OPINION
11/06/2020 11:50 EDT

PEQ: une mauvaise suite à un mauvais film

Force est de constater que ni Simon Jolin-Barrette ni François Legault n’ont tiré de leçons du fiasco monumental de l’automne dernier.

La Presse canadienne/Jacques Boissinot
Simon-Jolin-Barrette et François Legault à l'Assemblée nationale, le 2 juin 2020

Il y a de ces films qu’on va voir au cinéma et desquels on se dit, en sortant de la salle, qu’on espère qu’il n’y aura pas de suite tellement il était mauvais.

On pourrait en dire autant du fameux Programme de l’expérience québécoise (PEQ) du ministre de l’Immigration, Simon Jolin-Barrette.

La première tentative de réforme du PEQ, on s’en souviendra, était un vrai navet. Mal ficelée, incohérente, voire complètement loufoque - qui a oublié la tristement célèbre liste des professions admissibles, dont les «sciences domestiques»? - elle aura fini à la poubelle moins d’une semaine après son dévoilement, quand un Simon Jolin-Barrette contrit s’est maladroitement excusé et engagé à retourner à la table à dessin. 

Six mois plus tard, force est de constater que ni Simon Jolin-Barrette ni François Legault n’ont tiré de leçons du fiasco monumental de l’automne dernier.

Au moment où le Québec prenait conscience de l’apport essentiel des personnes immigrantes à la société québécoise, au moment où les projecteurs étaient braqués sur les demandeurs d’asile qui prêtaient main-forte dans les CHSLD au péril de leur vie, au moment même où le premier ministre s’engageait - sur le bout des lèvres - à étudier les options pour régulariser leur statut, le ministre de l’Immigration, lui, revenait à la charge avec une refonte du PEQ qui est révélatrice des vraies intentions de la CAQ: mettre des bâtons dans les roues des personnes immigrantes qui souhaitent faire du Québec leur maison.

Cela revient ni plus ni moins à créer deux classes de citoyens.

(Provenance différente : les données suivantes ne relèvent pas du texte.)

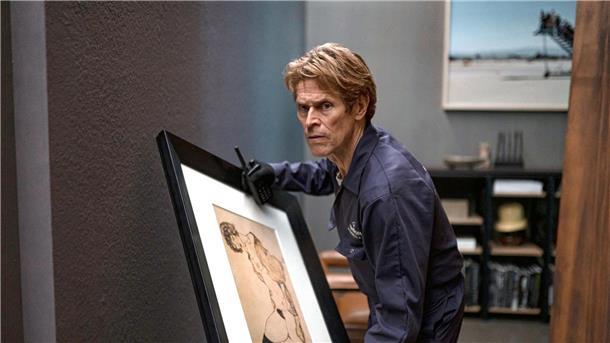 Willem Dafoe als Nemo in einer Szene des Films „Inside“.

Enfermé dans une logique économiciste et utilitariste de l’immigration, Simon Jolin-Barrette ne voit pas d’un bon œil le Programme d’expérience québécoise. La réforme qu’il vient de présenter vise précisément à liquider à petit feu ce programme, qui a le malheur d’être si populaire qu’il occupe une bonne partie des places en immigration qu’il voudrait allouer à son programme ARRIMA, qui fonctionne, grosso modo, comme une agence de placement en emploi, mais à l’international.

En excluant du nouveau PEQ les travailleurs peu ou pas qualifiés, M. Jolin-Barrette les condamne à rester éternellement cantonnés dans un statut temporaire qui leur nie l’accès à l’assurance-emploi, à l’assurance maladie et à tous les programmes sociaux qui font notre fierté collective. Cela revient ni plus ni moins à créer deux classes de citoyens.

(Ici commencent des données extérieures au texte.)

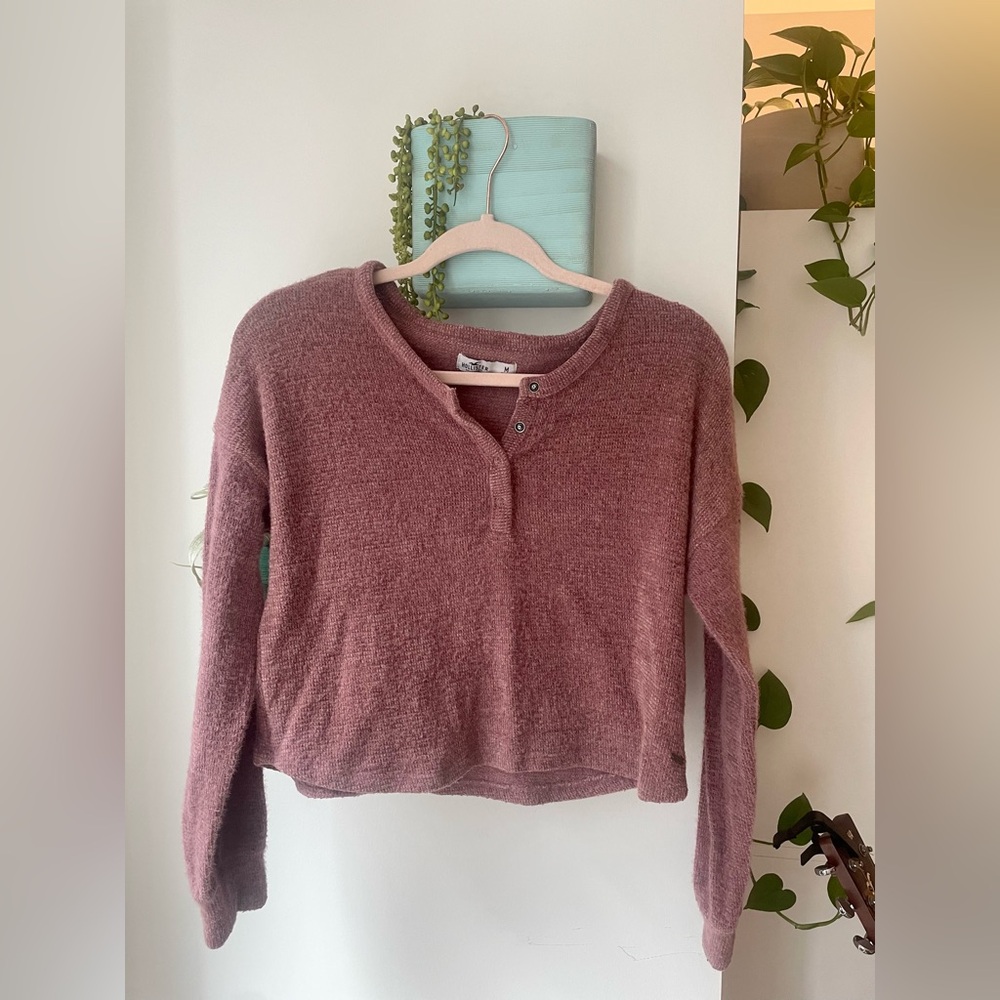 Dusty Rose Hollister Sweater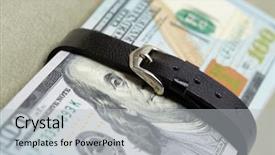  Presentation with periodic table actinide series - Slide deck having belted dollars on the table background and a light gray colored foreground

Quant aux étudiants internationaux, ils écopent bien malgré eux du rôle des sacrifiés : l’automne dernier, MM. Jolin-Barrette et Legault leur avaient promis une clause de droit acquis qui leur permettrait d’appliquer sur le PEQ même en cas de changement des critères d’admissibilité. Or, cette promesse a disparu du nouveau scénario. C’est à se demander que vaut la parole du ministre, du premier ministre, voire de l’État québécois.

Selon les nouveaux critères du PEQ, ces étudiants internationaux, après l’obtention de leur diplôme québécois, devront attendre cinq ans avant d’obtenir leur résidence permanente. Pendant ce temps-là, une personne ayant seulement 12 mois d’expérience de travail canadienne pourrait, en vertu des règles en vigueur au fédéral, obtenir sa résidence permanente au bout de six mois seulement.

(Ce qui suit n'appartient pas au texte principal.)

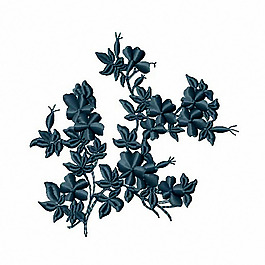 繡花 成熟優(yōu)雅女裝 植物 毛衫印花 優(yōu)雅植物 免費(fèi)素材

Entre vous et moi, que choisira un jeune francophone qui veut s’établir ici à long terme? Le Québec, où ça lui prendra cinq ans avant de devenir résident permanent, ou une autre province, où il aura accès à ce statut convoité au bout de 18 mois? Ce choix nous informe du véritable objectif de Simon Jolin-Barrette : décourager la venue de jeunes, dont beaucoup de francophones, qui veulent étudier et s’installer au Québec, et dont la compétence et la créativité bénéficieraient à toute notre société.

N’ayons pas peur des mots : ce nouveau remake du PEQ, à l’image de tout le discours caquiste sur l’immigration, sent l’idéologie et l’amateurisme à plein nez. Il est conçu pour utiliser les personnes immigrantes comme du cheap labor pour combler des offres d’emploi, sans véritablement leur offrir la possibilité de s’installer de façon permanente et de construire avec nous le Québec de demain.

Alors maintenant, que le ministre Jolin-Barrette ne vienne pas nous dire qu’il a à cœur l’intégration des personnes immigrantes à la société québécoise : tout ça, c’est du cinéma.